The task:
Whenever the word "with" appears in a line of the data below, copy that line.

Supplied data:
◇ ◇ ◇

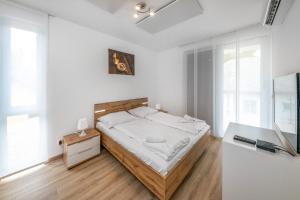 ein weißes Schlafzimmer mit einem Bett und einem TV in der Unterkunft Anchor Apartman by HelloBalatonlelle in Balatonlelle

◇ ◇ ◇

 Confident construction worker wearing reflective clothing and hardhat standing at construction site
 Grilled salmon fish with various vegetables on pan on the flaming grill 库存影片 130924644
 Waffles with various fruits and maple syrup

◇ ◇ ◇

Worked solution:
 Grilled salmon fish with various vegetables on pan on the flaming grill 库存影片 130924644
 Waffles with various fruits and maple syrup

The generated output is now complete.